Assim enquanto a América Latina lamenta as suas misérias gerais, o interlocutor estrangeiro cultiva o sabor dessa miséria, não como sintoma trágico, mas apenas como dado formal de seu interesse. Nem o latino comunica a sua verdadeira miséria ao homem civilizado nem o homem civilizado compreende verdadeiramente a miséria do latino. (Rocha, 2004, p.63).
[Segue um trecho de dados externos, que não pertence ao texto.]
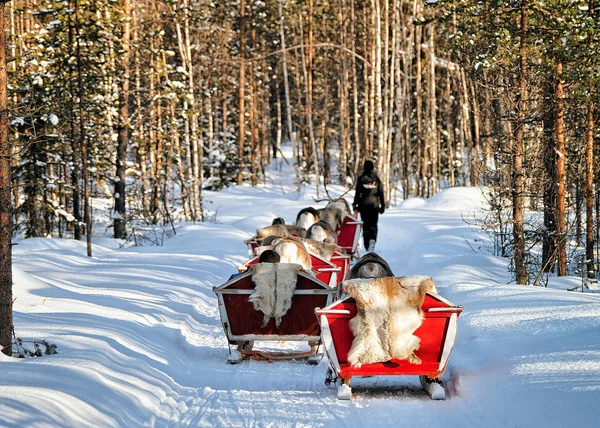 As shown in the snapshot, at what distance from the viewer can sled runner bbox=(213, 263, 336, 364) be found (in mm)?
9406

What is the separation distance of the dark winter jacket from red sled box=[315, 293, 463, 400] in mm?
12470

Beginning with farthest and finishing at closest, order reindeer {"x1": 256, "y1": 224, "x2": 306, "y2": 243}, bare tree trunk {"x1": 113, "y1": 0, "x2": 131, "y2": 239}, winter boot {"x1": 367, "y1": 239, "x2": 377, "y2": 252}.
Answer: bare tree trunk {"x1": 113, "y1": 0, "x2": 131, "y2": 239} → winter boot {"x1": 367, "y1": 239, "x2": 377, "y2": 252} → reindeer {"x1": 256, "y1": 224, "x2": 306, "y2": 243}

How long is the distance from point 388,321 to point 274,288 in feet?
7.31

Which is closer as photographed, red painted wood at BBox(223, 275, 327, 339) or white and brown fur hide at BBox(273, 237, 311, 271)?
red painted wood at BBox(223, 275, 327, 339)

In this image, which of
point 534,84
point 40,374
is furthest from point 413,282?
point 534,84

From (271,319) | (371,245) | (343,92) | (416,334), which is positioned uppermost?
(343,92)

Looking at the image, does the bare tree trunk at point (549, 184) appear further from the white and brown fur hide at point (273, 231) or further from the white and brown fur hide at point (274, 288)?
the white and brown fur hide at point (274, 288)

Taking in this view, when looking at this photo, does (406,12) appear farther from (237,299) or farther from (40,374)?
(40,374)

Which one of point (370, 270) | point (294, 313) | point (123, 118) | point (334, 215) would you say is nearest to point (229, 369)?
point (294, 313)

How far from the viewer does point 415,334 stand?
24.8 ft

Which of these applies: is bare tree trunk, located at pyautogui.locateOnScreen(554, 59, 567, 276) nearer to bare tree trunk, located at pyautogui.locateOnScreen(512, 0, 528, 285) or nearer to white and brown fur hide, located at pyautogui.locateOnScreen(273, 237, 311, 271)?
bare tree trunk, located at pyautogui.locateOnScreen(512, 0, 528, 285)

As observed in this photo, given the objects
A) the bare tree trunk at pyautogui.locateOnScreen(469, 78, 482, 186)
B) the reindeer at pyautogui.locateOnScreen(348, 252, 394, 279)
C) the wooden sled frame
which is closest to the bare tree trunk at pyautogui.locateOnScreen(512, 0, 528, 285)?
the bare tree trunk at pyautogui.locateOnScreen(469, 78, 482, 186)

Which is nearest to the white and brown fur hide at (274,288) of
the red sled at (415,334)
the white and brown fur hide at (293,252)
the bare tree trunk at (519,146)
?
the white and brown fur hide at (293,252)

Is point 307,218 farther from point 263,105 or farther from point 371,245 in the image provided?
point 263,105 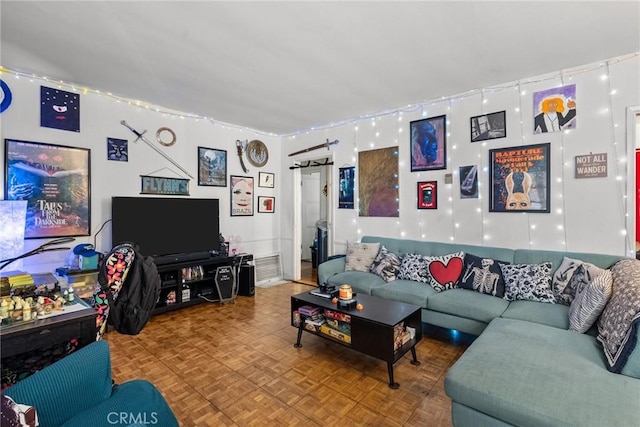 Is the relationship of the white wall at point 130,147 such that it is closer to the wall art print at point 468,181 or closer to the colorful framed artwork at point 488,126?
the wall art print at point 468,181

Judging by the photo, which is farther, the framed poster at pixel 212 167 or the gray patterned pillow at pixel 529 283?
the framed poster at pixel 212 167

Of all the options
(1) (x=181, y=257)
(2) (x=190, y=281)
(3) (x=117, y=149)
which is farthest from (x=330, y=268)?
(3) (x=117, y=149)

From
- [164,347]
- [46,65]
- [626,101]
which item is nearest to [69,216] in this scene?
[46,65]

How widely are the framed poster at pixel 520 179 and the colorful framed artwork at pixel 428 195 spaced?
0.61 m

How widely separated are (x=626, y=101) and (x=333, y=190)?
3.39 m

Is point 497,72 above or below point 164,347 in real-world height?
above

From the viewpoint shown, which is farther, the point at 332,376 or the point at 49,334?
the point at 332,376

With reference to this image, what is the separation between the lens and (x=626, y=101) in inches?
107

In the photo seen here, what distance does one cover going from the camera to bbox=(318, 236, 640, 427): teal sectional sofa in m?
1.35

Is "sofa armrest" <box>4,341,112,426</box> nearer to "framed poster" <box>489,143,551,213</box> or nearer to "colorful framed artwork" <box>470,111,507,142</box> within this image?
"framed poster" <box>489,143,551,213</box>

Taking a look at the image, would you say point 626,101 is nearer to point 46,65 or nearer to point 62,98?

Glauber enfoca as diferenças das percepções existentes entres os europeus, leia-se países ocidentais ricos, e os latino-americanos sobre a miséria existente, mas além disso Glauber destaca também que essa distinção ocorre em parte pela indiferença europeia e estadunidense diante dessa situação, pois não a compreendem. Para Glauber haveria na postura dos intelectuais desses países a “nostalgia do primitivismo”. No mesmo manifesto traça as particularidades desse domínio cultural e econômico dos países ricos.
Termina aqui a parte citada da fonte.